Composer sur Hölderlin, dans une inspiration quasiment pure de toute influence politique, c’était trop beau… Le maccarthysme aura raison de cette deuxième vie d’Eisler. En pleine chasse aux sorcières, sa propre sœur le dénonce comme dangereux communiste – l’histoire est raconté par Hans Magnus Enzensberger dans le passionnant (et très documenté) Hammerstein ou L'Intransigeance (Hammerstein oder der Eigensinn, 2008). La guerre n’en finira donc jamais ? Le compositeur est chassé des États-Unis. Il fait une halte à Londres, puis à Prague et retrouve Berlin, plus précisément Berlin-Est. Dernier épisode : 1948-1962. Le mode bouffon et polémique est de retour avec Der Priem (1959) écrit sur un texte de Kurt Tucholsky (1890-1935). Deutschland est un hymne recueilli sur un poème de Johannes Robert Becher, d’une grande simplicité musicale, dans lequel Holger Falk fait montre, une nouvelle fois, d’une subtile suavité. Le Kinderhymne de Brecht (Anmut sparet nicht noch Mühe, 1950) est de même mouture. Passées les quatre prestes ritournelles de Der Krücken (1958), l’incroyable voix de tête entame le médiatif Und endlich stirbt die Sehnsucht doch (Et pour finir meurt le désir) – un bijou, trois fois rien au clavier, en apesanteur. Les ultimes pages du récital sont crépusculaires, comme Im Blumengarten (1955) avec sa partie de piano qui boîte dans un méandre énigmatique, l’intime Und ich werde nicht mehr sehen (publié en 1957 mais composé en 1941), ou encore la déchirante prière Bleib gesund mir, Krakau.
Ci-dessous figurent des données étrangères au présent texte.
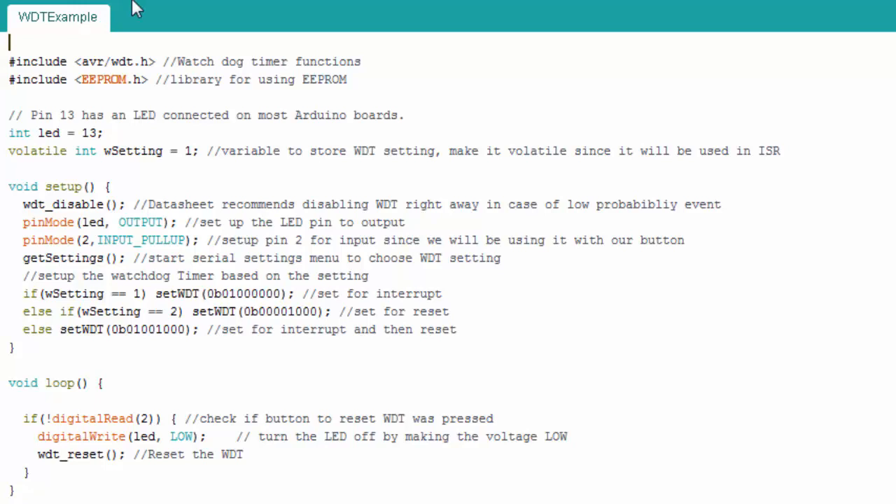Here is the code for the example. I include the Watchdog Timer library and also the EEPROM library, because I use EEPROM to store something before I do my interrupt reset. I'll use the LED on pin 13. I use a variable to track what setting I'm in. Notice the tag volatile — you want to use this when you're changing a variable inside an interrupt service routine.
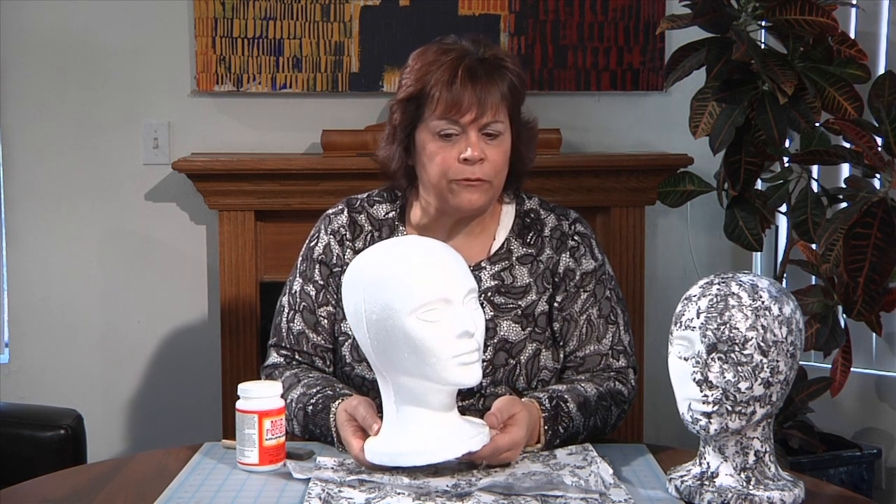To get started making our jewelry tree, for our base we're going to be using a styrofoam head. You can purchase these at most beauty supply stores for around under $5, so this is a great bargain for this project.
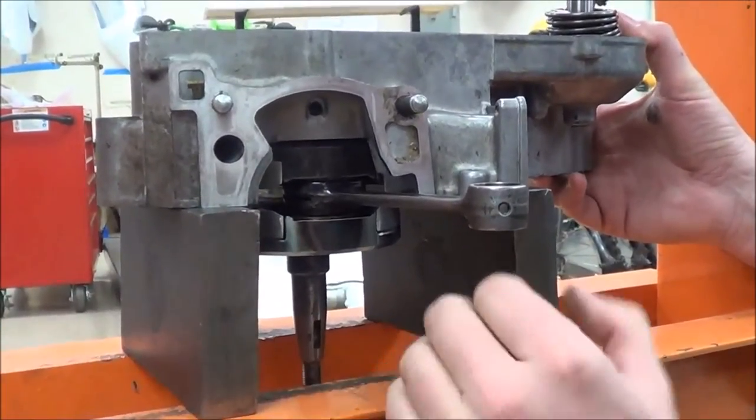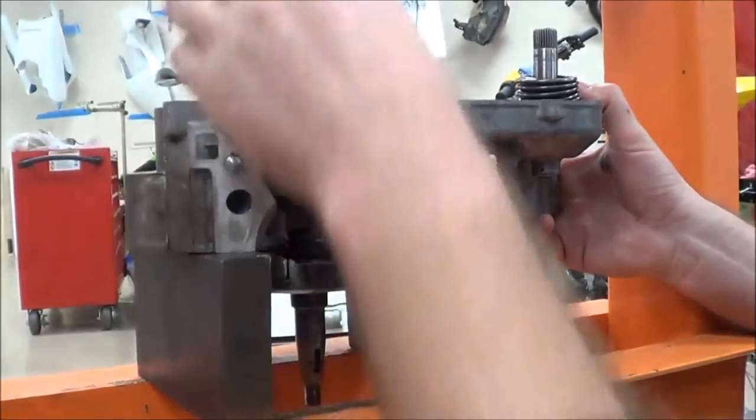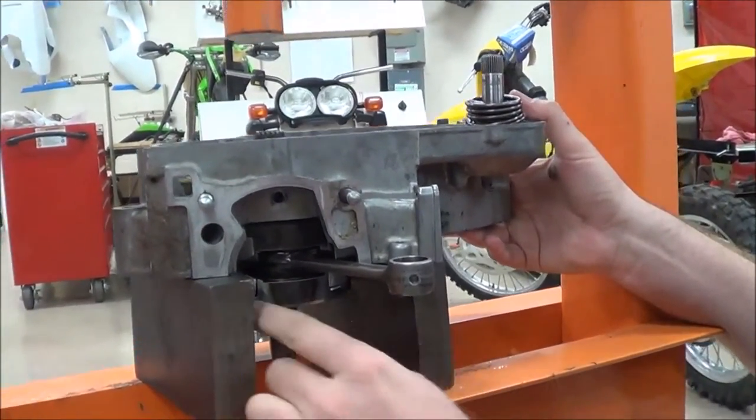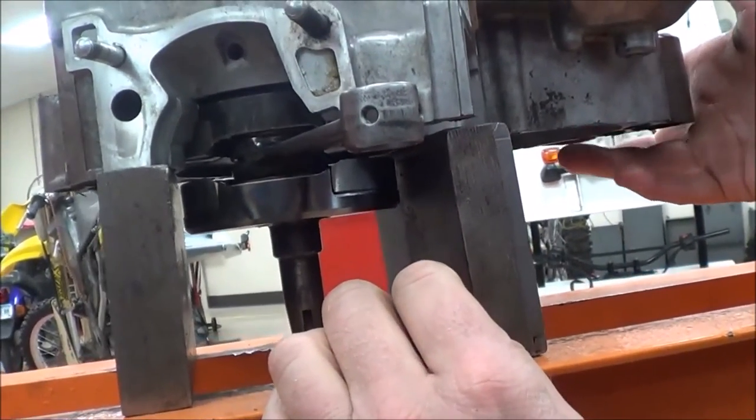They're precision ground on a couple of sides, so really try not to drop them. The other thing I'm trying to do is make sure that this is positioned so I can press it straight out. Can we see in here that the crank is not touching the parallels? Can we see the gap there on both sides? Good.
En bis, Holger Falk et Steffen Schleiermacher donnent Auferstanden aus Ruinen, l’hymne de la RDA qu’Eisler écrivit en 1949. Peut-être était-ce maladroit ? Le plateau se transforme dès après en centre d’un débat à propos des deux Allemagne, un spectateur ayant alpagué les artistes. Ces Lieder de la dernière période, bien antérieurs à la chute du mur (Eisler décède en 1962), n’ont rien à voir avec une quelconque propagande idéologique. Faut-il rappeler la facilité de décrier après-coup l’utopie et ceux qui y ont cru, au détriment d’eux-mêmes, bien souvent ? L’Histoire, qui a marqué des milliers de gens, eut des conséquences dans le domaine des arts, comme tout régime politique, quel qu’il soit, agit sur la créativité. Cette soirée n’est pas une apologie du socialisme alla DDR : elle s’est employée à raconter Hanns Eisler, compositeur indissociable des tourmentes du XXe siècle de ce côté-ci du Rhin.